Gilbert went with the enchanter, entertaining some hope that he might gain a little light from the conversation, to guide him through the dark night which seemed now to surround him.
Two hours after, a carriage without liveries and emblazonries stopped before the steps of the Eglise, St. Roch.
Two men dressed in black descended from the vehicle, and passed along the right side of the street, to the little gateway of the convent of the Jacobins.
The two new-comers had only to follow the crowd, for the crowd was great.
“Will you go into the nave, or take a place in the tribunes?” Cagliostro asked Gilbert.
“I believe,” said Gilbert, “the nave is devoted solely to the members.”
“Without doubt,” said Cagliostro, smiling, “but do not I belong to all societies? and since I belong to them, do not my friends too? Here is a ticket for you, if you wish; as for me, I have only to speak one word.”
“They will recognise us as strangers, and make us go out,” observed Gilbert.
“The society of the Jacobins has been founded three months, there are already sixty thousand members in France, and there will be four hundred thousand before the year is out; moreover, my dear friend,” said Cagliostro, smiling, “here is truly the Grand-Orient, the centre of all secret societies, and not with that imbecile Fauchet, as some think; and if you have not the right to enter here as a Jacobin, you have the right to a place as one of the Rose Cross.”
“No matter,” said Gilbert, “I like the tribunes best.”
“To the tribunes, then,” said Cagliostro. And he went to the right, up a staircase which conducted to the improvised tribunes.

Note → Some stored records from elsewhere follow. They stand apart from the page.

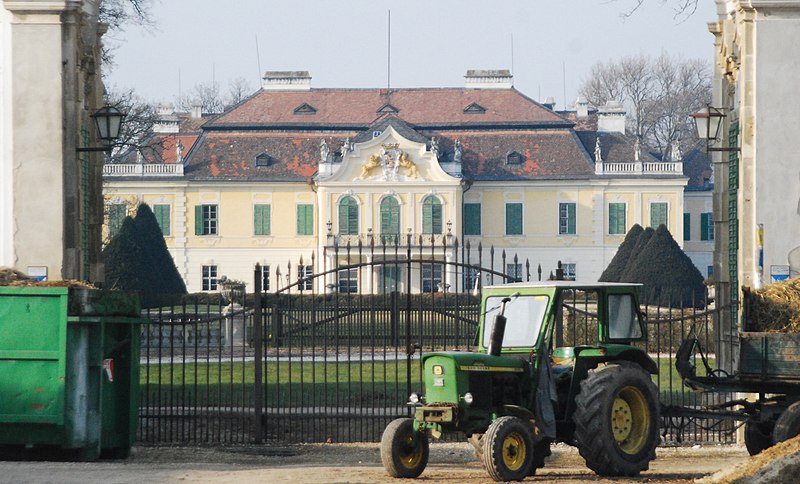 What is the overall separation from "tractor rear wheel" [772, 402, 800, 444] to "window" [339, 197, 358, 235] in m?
48.9

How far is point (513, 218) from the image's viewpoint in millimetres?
61594

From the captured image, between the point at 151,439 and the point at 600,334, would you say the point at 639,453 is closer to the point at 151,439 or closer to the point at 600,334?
the point at 600,334

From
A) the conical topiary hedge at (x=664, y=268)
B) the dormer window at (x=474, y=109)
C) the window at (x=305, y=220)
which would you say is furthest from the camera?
the dormer window at (x=474, y=109)

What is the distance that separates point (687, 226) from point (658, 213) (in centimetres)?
566

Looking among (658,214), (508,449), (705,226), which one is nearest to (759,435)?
(508,449)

The tribunes were full, but to the first one he addressed Cagliostro had only to make a sign, and speak one word in a low tone, and two men who were seated before him, as if they had been forewarned of his intended arrival, and were only there to guard the seats of himself and Doctor Gilbert, immediately rose and retired.
The sitting had not as yet commenced. The members of the Assembly were spread confusedly over the nave; some formed themselves into groups, and others promenaded in the narrow space left them by their numerous colleagues, while others sat alone in the shade, leaning against the massive pillars.
A few lights sprinkled here and there lessened the gloom, and lit up the countenances and figures of those who happened to be standing near them.
It was easy to see, in spite of the darkness, that in the midst an aristocratic reunion existed. Embroidered coats, and the naval and military uniforms of officers, mottled the crowd, reflecting the light from their gold and silver lacings.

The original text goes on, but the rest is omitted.